Salcido laughed ruefully. He regarded Estelle Reyes for a moment with an expression of almost paternal pride. He knew Estelle’s great uncle Reuben better than I did, enough to consider him an old friend. “Are you ready for all this?”

She didn’t just belt out a chirpy, enthusiastic, unthinking “Yes, sir.” Instead her face darkened a bit, eyebrows knitting. “No one should get away with something like this,” she said.

Más sabe el diablo por viejo que por diablo,” the sheriff murmured, and Estelle smiled.

“That’s one of my mother’s favorite sayings,” she said.

“Well, you listen to her. And you listen to this one.” He nodded toward me before starting to turn away, then paused. “We all pay attention, and the son of a bitch won’t get away with pulling that trigger.”

Eduardo Salcido didn’t cuss much, but he was as frustrated as I was. He settled his Stetson again and nodded at the young lady. “And my best wishes to your mother.”

“Thank you, sir.”

He grinned at me and pulled his Stetson down the military two fingers above his eyes. “I heard about last night,” he said. “With Officer Murton.” Again, he enjoyed each of the three syllables. I’m not sure what kind of off-i-cer he thought Murton to be. “Those badges…they sometimes take a walk, don’t they.”
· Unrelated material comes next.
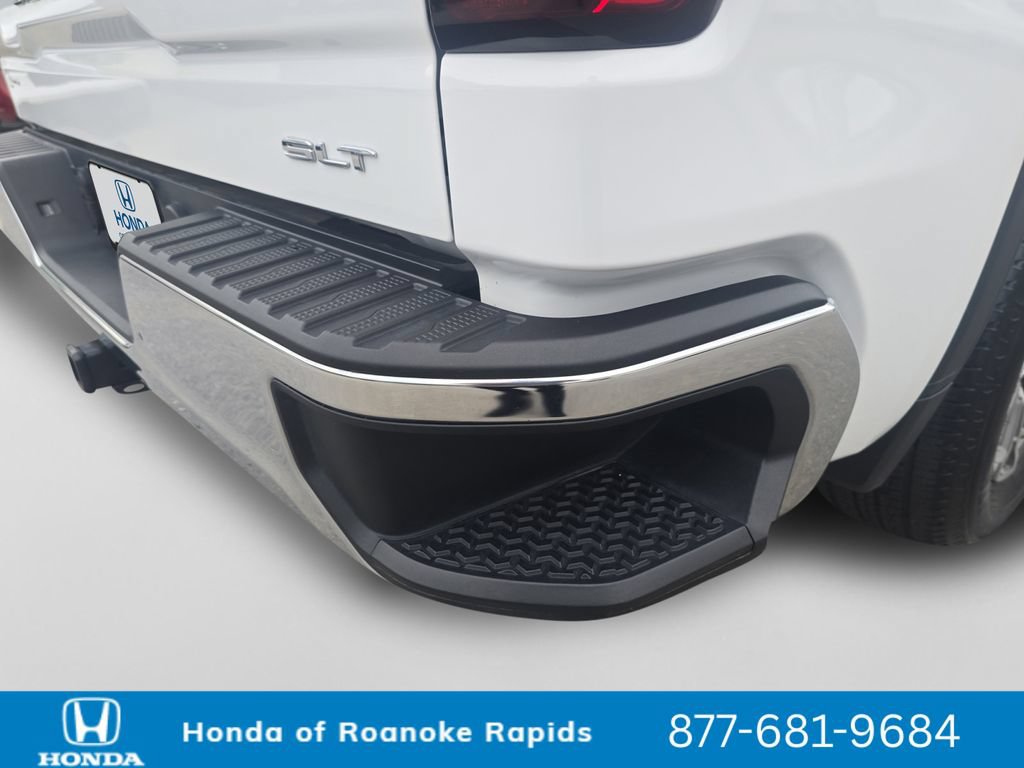 Used 2025 GMC Sierra 1500 SLT AWD/4WD image 30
“Minds of their own,” I replied.

“I’m going to work this section of the village.” Salcido swept a hand to include the houses just to the south of us, where he and I had spent time the evening before. “One at a time. Somebody heard something, you know. You can’t fire a high-powered rifle this close to houses and not hear it. All those folks yesterday who claimed not to hear nothing…maybe they’ve had time to think it over.” He turned back with a look to include us all. “Anything at all…I want to hear about it sooner rather than later.”

As he trudged back toward his car, I turned to Estelle. “What’s the dicho mean?” I didn’t know much Spanish-what three years in a North Carolina high school forty years before could teach. I didn’t mind when others settled into their home language, leaving us gringos behind. After all, it was my choice to remain so clumsy and inept in that language of the border.
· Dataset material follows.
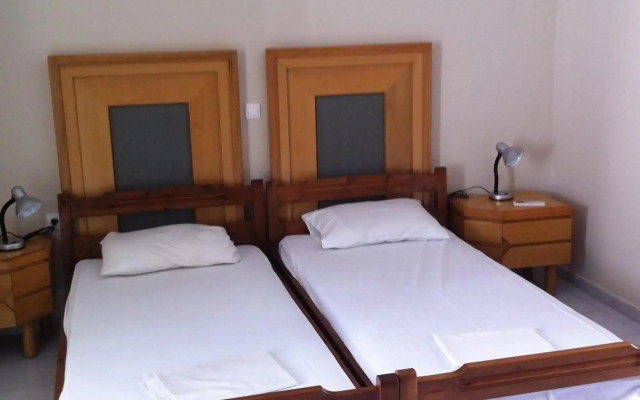 Manias Apartments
“Literally, ‘the devil knows more because he’s old than because he’s the devil.’ A colorful way to say that experience is the best teacher.“

“Ah. Well, we’ll see. Right now, I’m feeling just this side of stupid.” I sighed. “Are you ready to meet some people who may not be so excited to meet us?”

“Yes, sir.” No hesitation there.

Chapter Ten

The Posadas County maintenance barns were on north Third Street. If Third had crossed the big arroyo that scarred the north side of the village, it would have intersected Highland in a quarter mile or so. The county barns and bone yard were close enough to Highland that anyone working outside should have been able to hear a rifle shot clearly.
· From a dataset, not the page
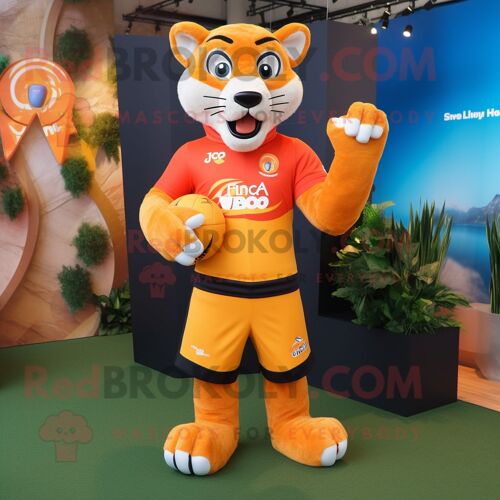 Personnage De Costume De Mascotte Redbrokoly Puma Orange Habillé D'un Maillot De Rugby Et De Gants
But this was the rural southwest. Shooters abounded, whether slaying beer cans on the mesa, rattlesnakes invading the yard, or ravens ravaging a song bird’s nest. No one took particular notice of gun shots. Shots.

This had been, as far as we could tell, a single shot, in my book one of the most lethal sounds. One bullet was all it took if the shooter knew what he was about and conditions were right. During hunting season, if I heard blam, blam, blam, blam, I could guess that the deer or elk or antelope had probably escaped unscathed, the flurry of bullets kicking dust. But one, solitary, definitive blam…that was a different scenario. A critter dropped in his tracks. Or Larry Zipoli dead before he could move a hand to the gearshift, or duck to safety.

I swung 310 through the boneyard’s generous gate in the chain link and razor wire boundary fence, and drove cautiously through all the junk before reaching the maintenance office, housed at the north end of a long, steel building with four gigantic bay doors. Two were up, two down. In one, a twin-screw dump truck was resting on jacks, its hind-most differential in a thousand pieces. One of the county pick-up trucks was backed into the other open bay.

Parking directly in front of a single door marked Office, I lowered the front windows on both sides, then nodded at the mike without reaching for it. “PCS, three ten is ten six, county barn.”

Without hesitating, Estelle slipped the mike off its hook and repeated the message, her tone measured and pronunciation distinct without being exaggerated.